Scott Williamson: One of the primary reasons you should invest in Blackstone is that we are one of the only junior exploration and mining companies that have the potential to move downstream to produce a nickel battery product for the lithium-ion industry. We have existing infrastructure - over 130 million dollars has been spent by the previous owners - and we can leverage off that to continue to explore and understand the geology, move through the mining and metallurgical studies, to then restart this mine with minimal dilution for shareholders moving forward.

In addition, we are leveraged to the lithium-ion battery electric vehicle revolution. But, most importantly, we see fairly small hurdles and a fairly quick turnaround into production. Potentially we can deliver this nickel battery product sooner than it would appear.

Dr. Allen Alper: All right. Is there anything else that you'd like to add, Scott?

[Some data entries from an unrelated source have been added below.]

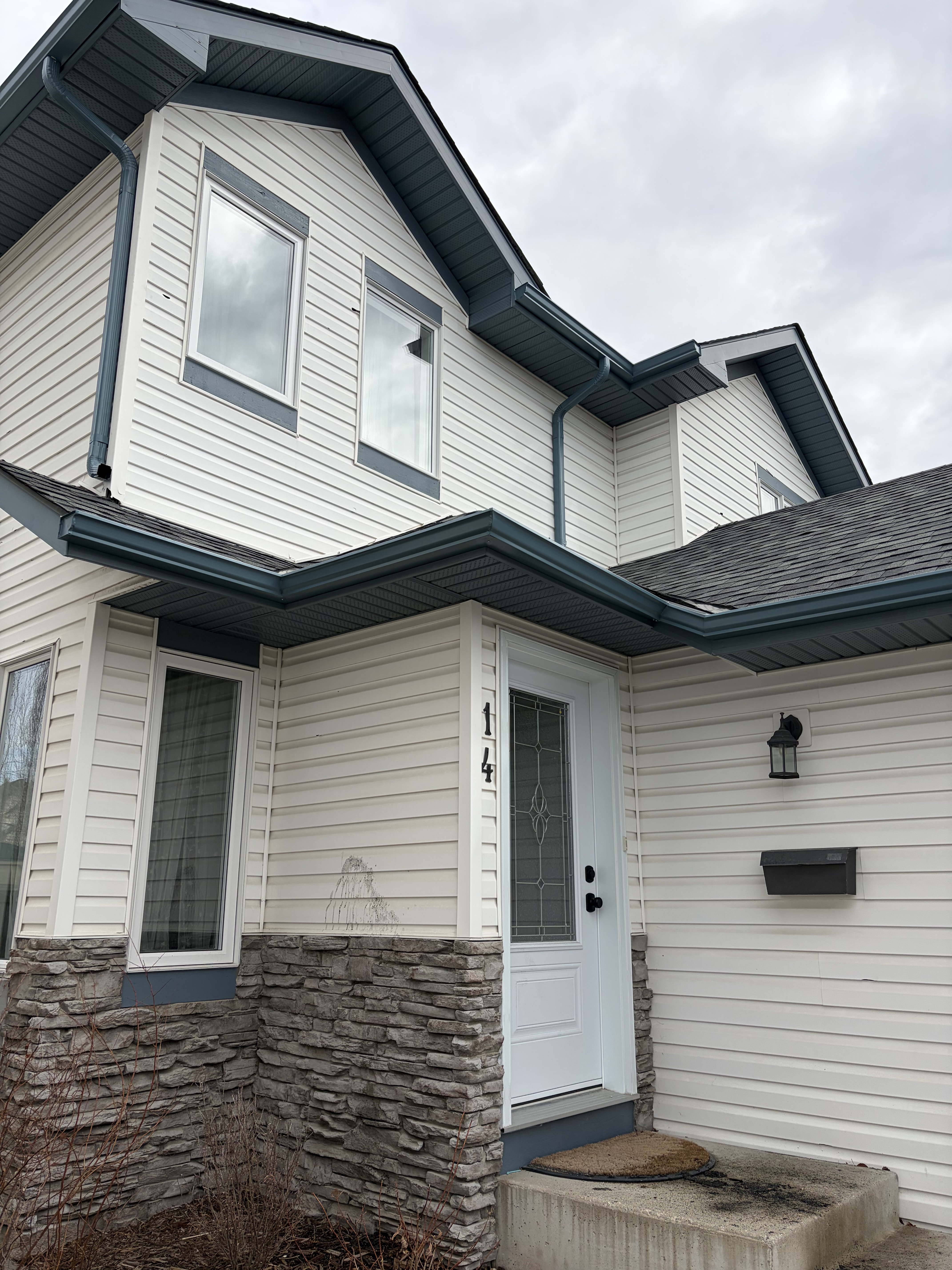 Home with vinyl siding and stone accent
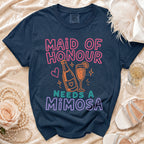 Navy t-shirt with "Maid of Honour Needs a Mimosa" text and mimosa graphics.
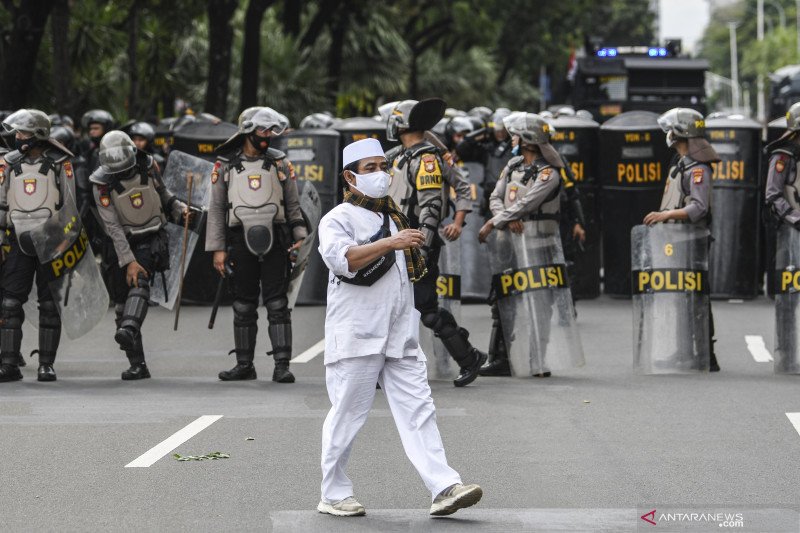 Seorang pengunjuk rasa aksi demonstrasi 1812 berjalan saat membubarkan diri, di kawasan Medan Merdeka Selatan, Jakarta, Jumat (18/12/2020). Kepolisian membubarkan paksa massa aksi demonstrasi dikarenakan angka penyebaran COVID-19 masih tinggi di wilayah J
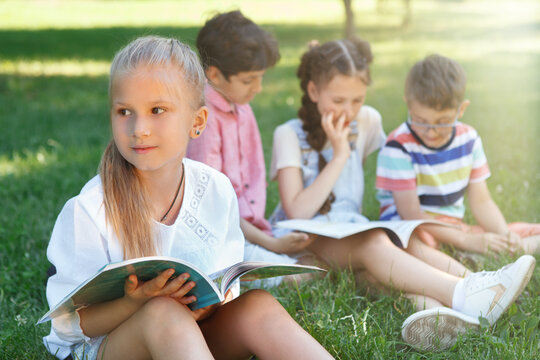 Cute little girl looking away thoughtfully while reading outdoors with her classmates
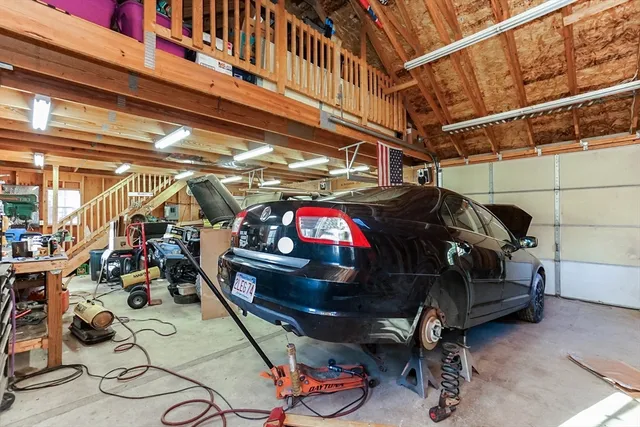 a view of a porch with furniture and a potted plant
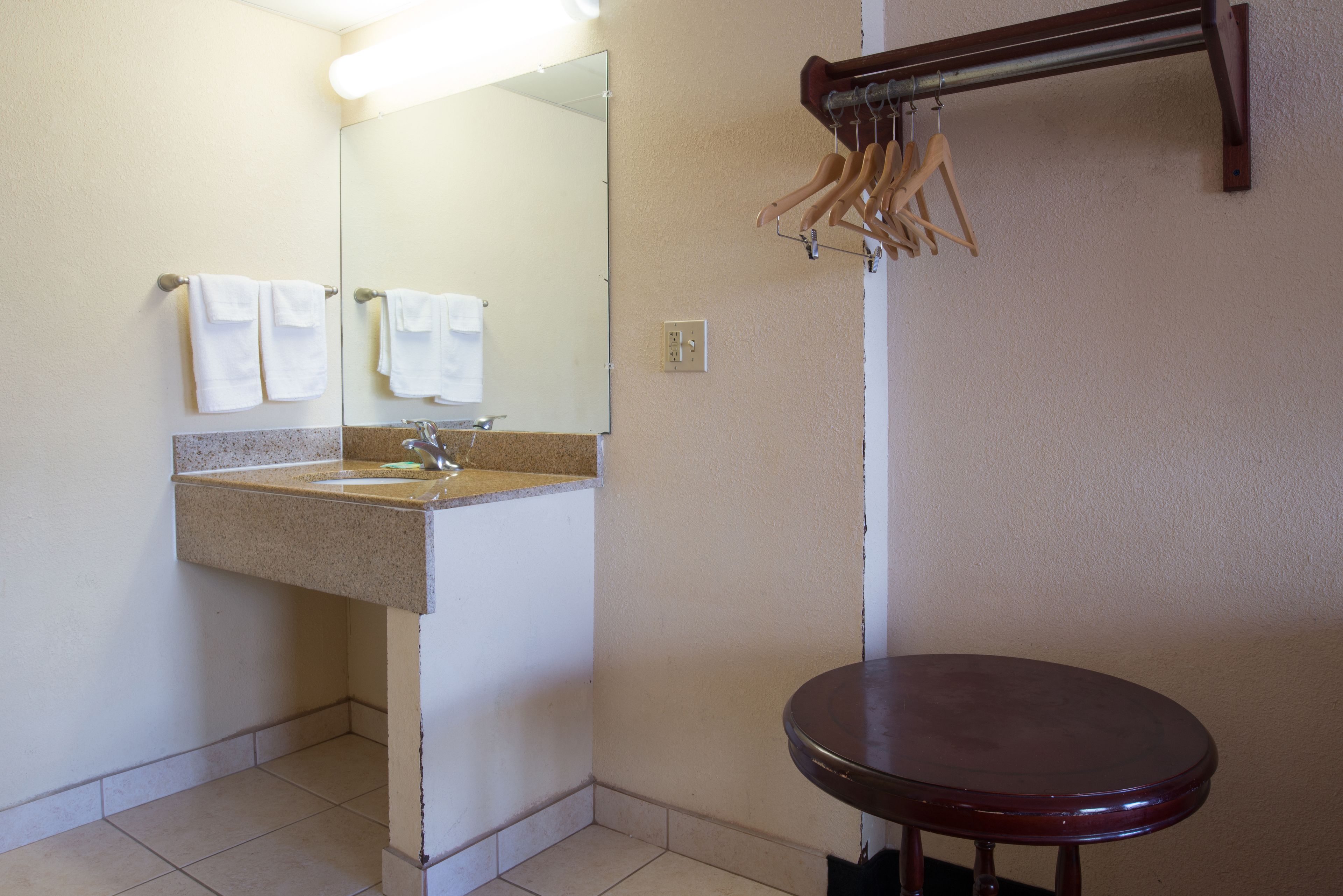 Ein Badezimmer mit Waschbecken, Spiegel, Handtuchhalter und Toilette.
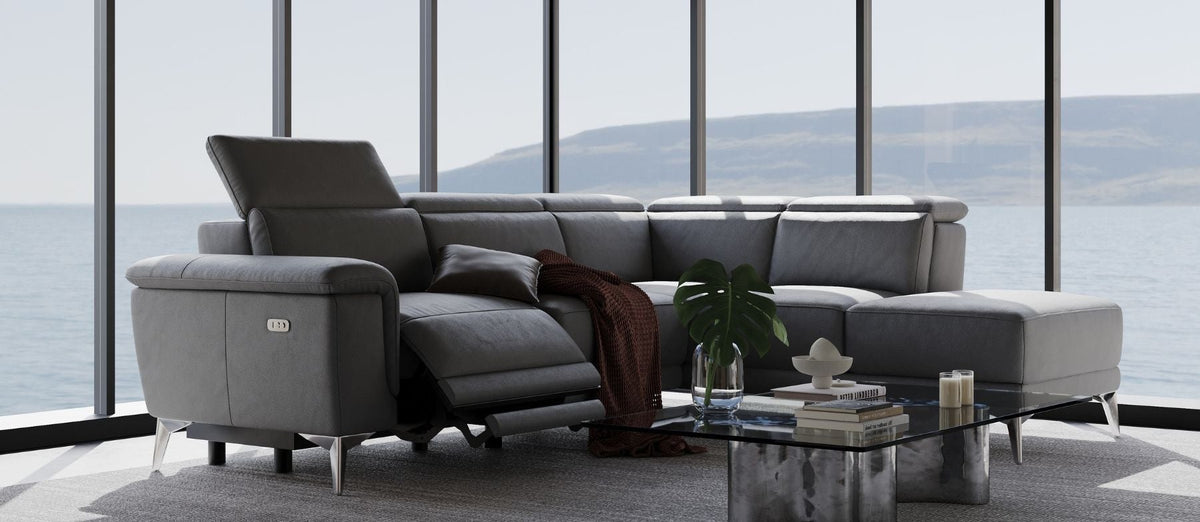 Millet grey leather power reclining sectional with one seat reclined, by floor-to-ceiling windows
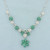 6ct Emerald and Diamond Flower Design Necklace in 14k White Gold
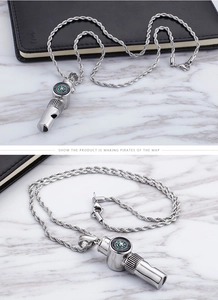 Close-up of silver stainless steel whistle pendant necklace with an integrated compass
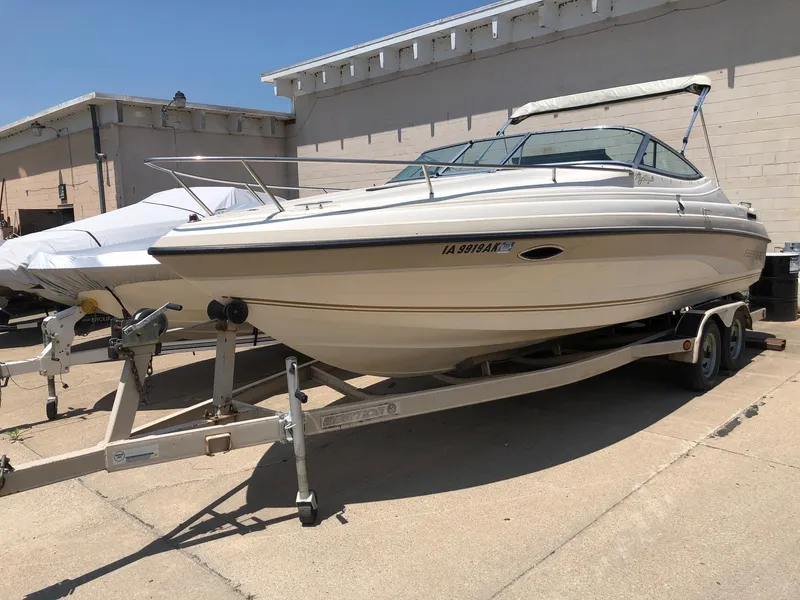 Slide: The Image of 1997 Ebbtide 2300 Cuddy boat on trailer, parked outdoors. - 2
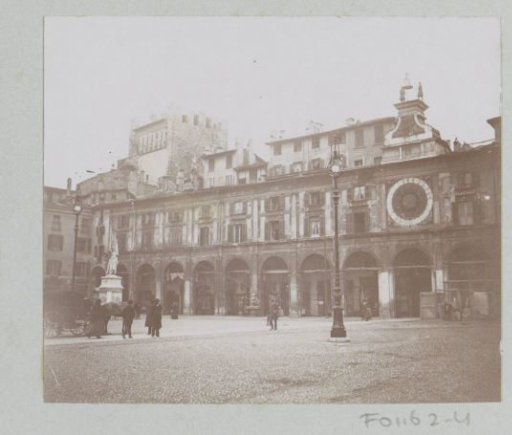 Piazza del Mercato in Brescia with the clock tower (Torre dell'Orologio) on the right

Scott Williamson: I would like to add that we still have a portfolio outside of Vietnam. We have the BP Cobalt Project which we're continuing to progress and looking for major partners there. We have nickel and gold in Kalgoorlie, so we'll continue to progress that. We have an international portfolio of battery and precious metals, and the focus now is on our flagship mine in Vietnam, which is the most advanced asset and the nearest to production. But we also have a pipeline of projects at different stages of exploration and development behind that.

Dr. Allen Alper: All right! That sounds excellent! We’ll publish your press releases as they come out so our readers/investors can follow your progress.